* _Data records_
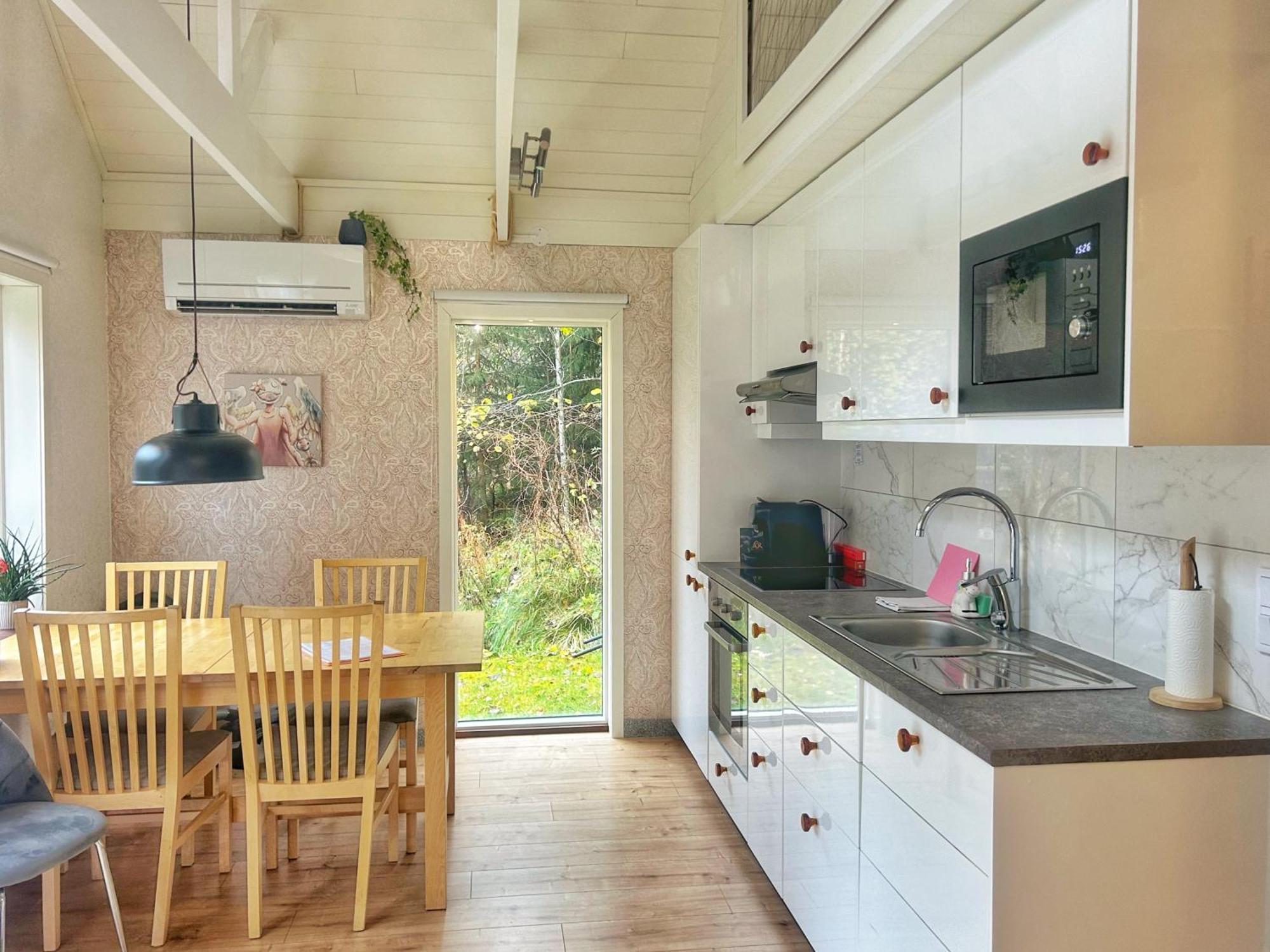 The Blomsholm Cabin - Load Your Electric Car Strömstad Esterno foto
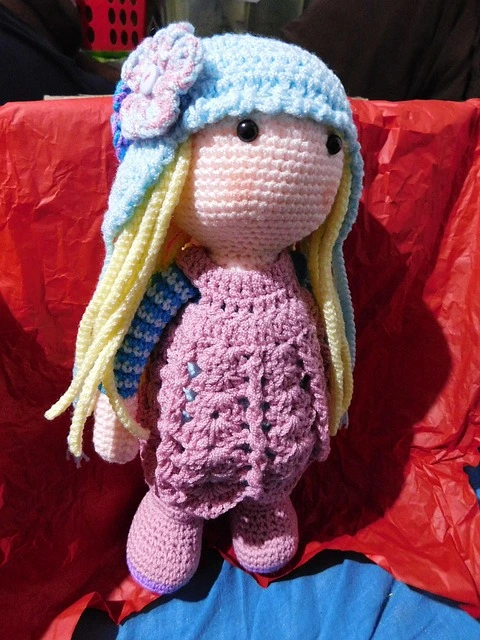 amigurumi pupazzo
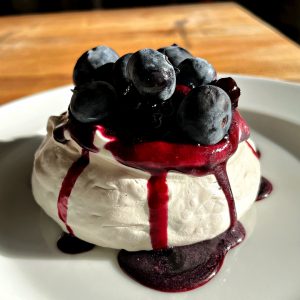 blueberry and ginger liqueur pavlova
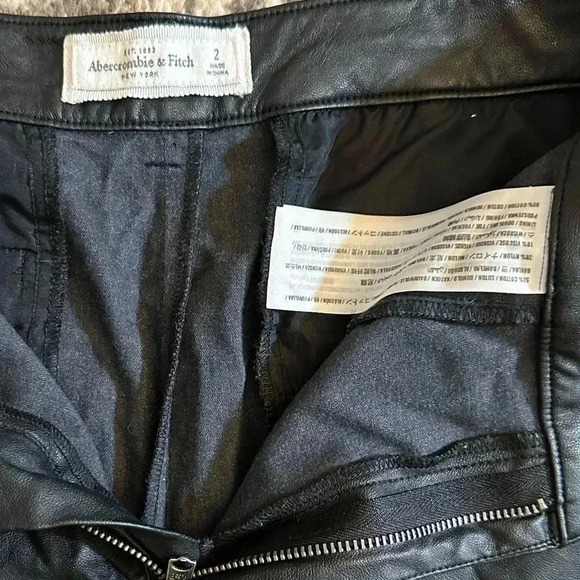 Abercrombie & Fitch Vegan Leather Pants Size 2 - Picture 7 of 7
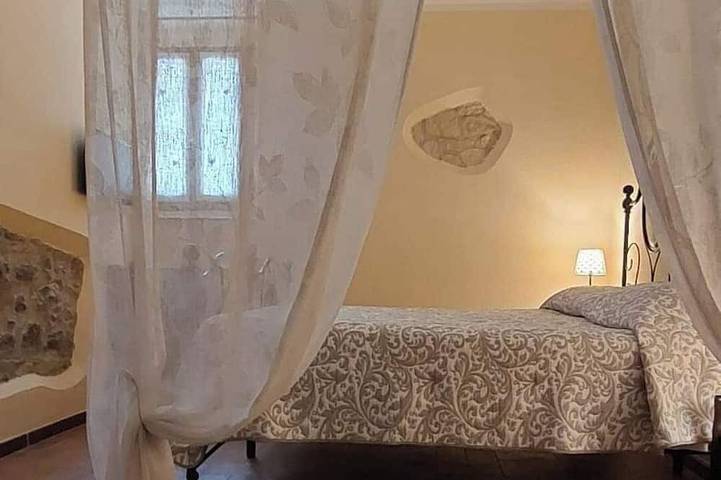 Appartamento intero, Romantico appartamento nel Vicolo dei Baci situato nel centro storico di Spello. in Spello, Perugia e dintorni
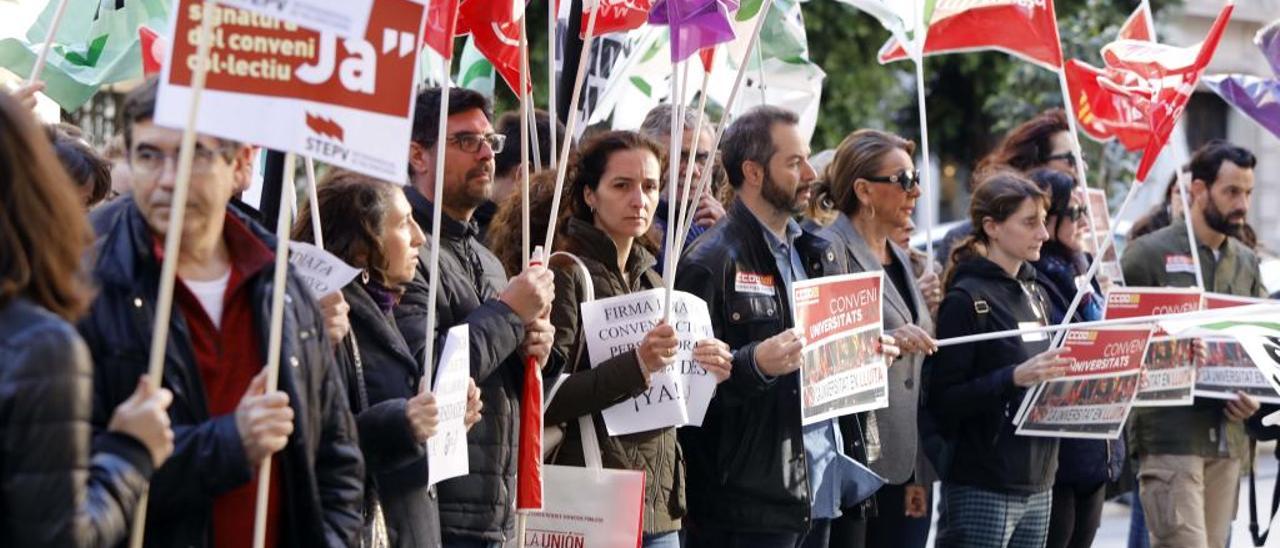 La Ley de Montoro impide la mejora salarial de 6.500 empleados de las universidades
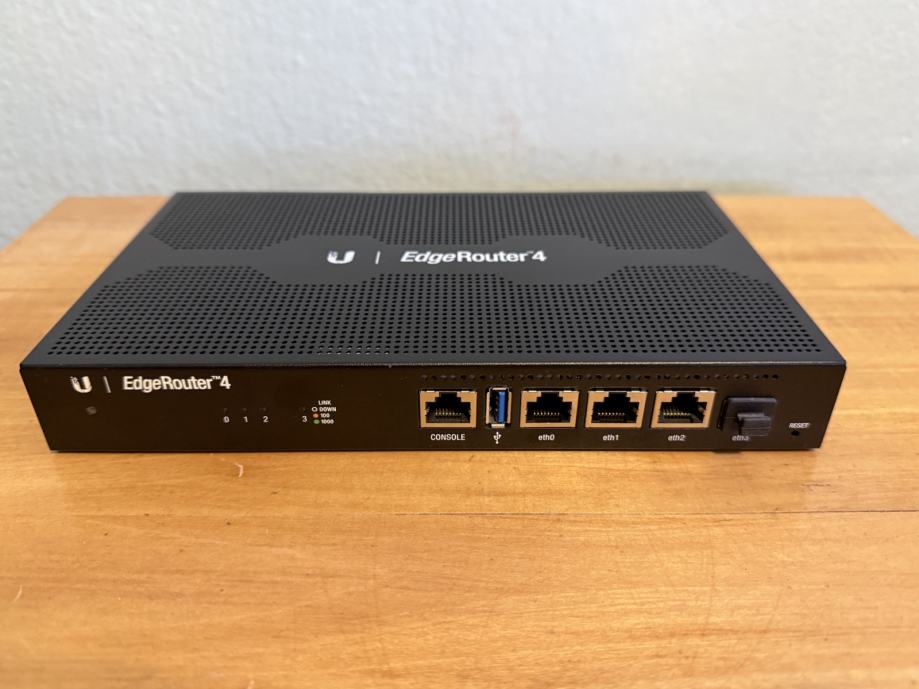 Ubiquiti EdgeRouter 4 - ER-4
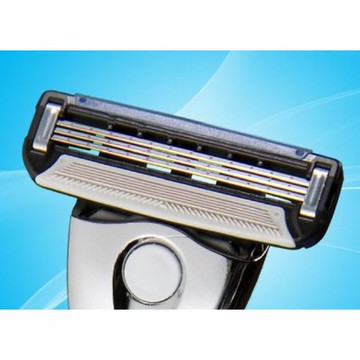Razor Personna Triple Blade Disposable Case of 100 by AccuTec Blades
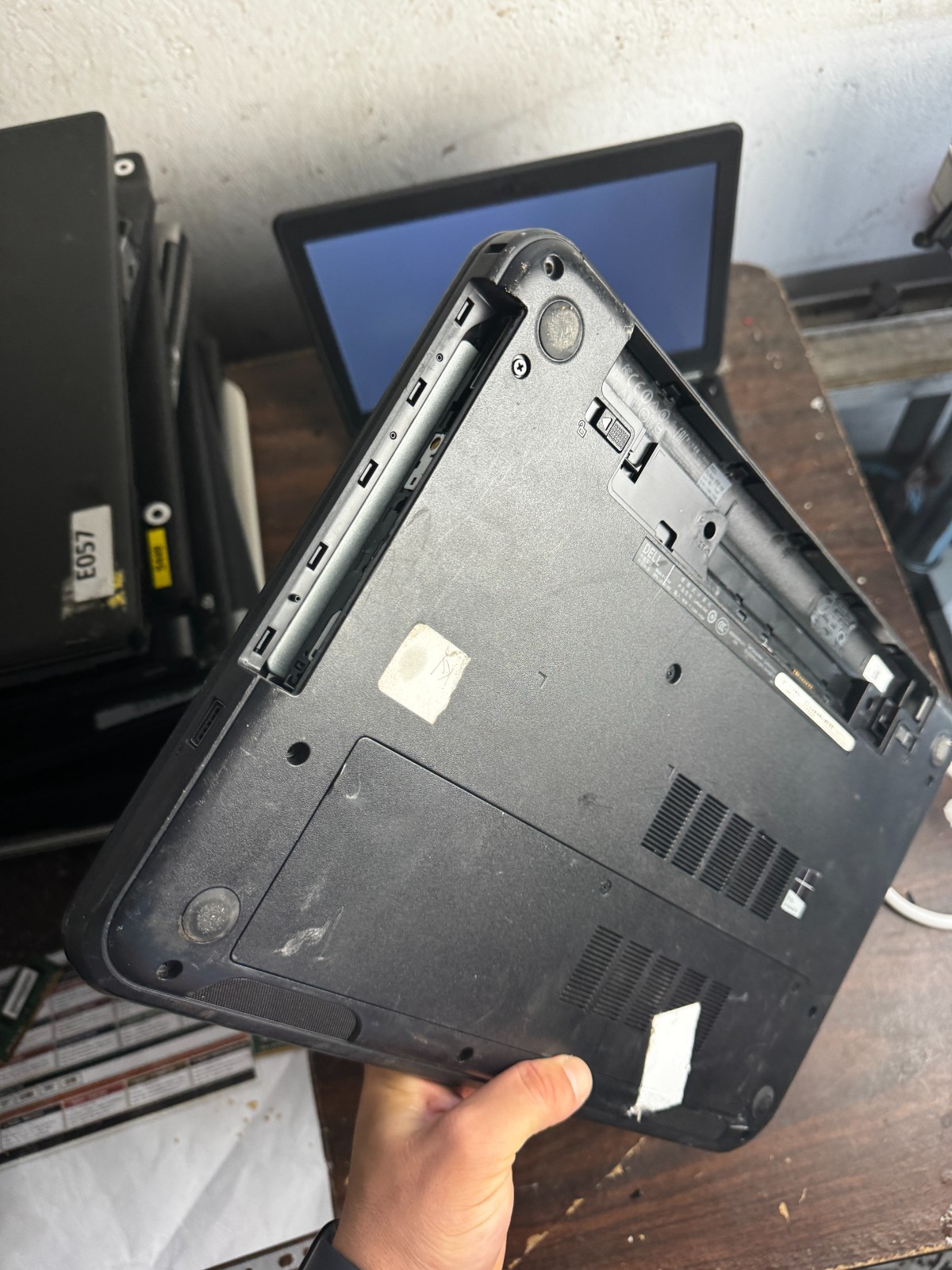 Dell Latitude 3540 Intel Core i3-4005U, 4GB RAM, Laptop For Repair #6396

* _Task goal_
Above is a listing with pictures. Write it out exactly without them.

* _Exercise output_
 The Blomsholm Cabin - Load Your Electric Car Strömstad Esterno foto
 amigurumi pupazzo
 blueberry and ginger liqueur pavlova
 Abercrombie & Fitch Vegan Leather Pants Size 2 - Picture 7 of 7
 Appartamento intero, Romantico appartamento nel Vicolo dei Baci situato nel centro storico di Spello. in Spello, Perugia e dintorni
 La Ley de Montoro impide la mejora salarial de 6.500 empleados de las universidades
 Ubiquiti EdgeRouter 4 - ER-4
Razor Personna Triple Blade Disposable Case of 100 by AccuTec Blades
 Dell Latitude 3540 Intel Core i3-4005U, 4GB RAM, Laptop For Repair #6396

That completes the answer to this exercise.